TASK DIRECTIONS
Beginning at the line with "Vlati trave, izabrane pesme", please repeat each line exactly through the end of the records below, including that first line and the last, but no pictures.

(Pictures with short captions)

>>>

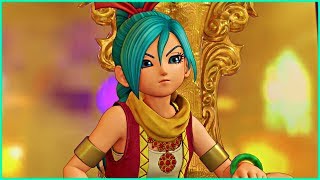 Dragon Quest 11  Episode 24  Erik and Mia  Gyldenhal and Alizarin [upl. by Ahon]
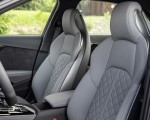 2019 Audi S4 TDI Interior Front Seats Wallpapers 150x120 (21)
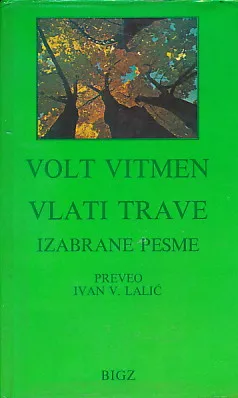 Vlati trave, izabrane pesme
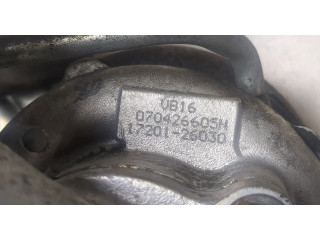  Турбина  Toyota RAV 4 2006-2013             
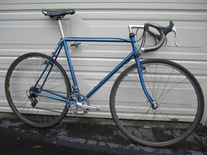 Bontrager cross bike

<<<

WRITTEN RESPONSE
 Vlati trave, izabrane pesme
  Турбина  Toyota RAV 4 2006-2013             
 Bontrager cross bike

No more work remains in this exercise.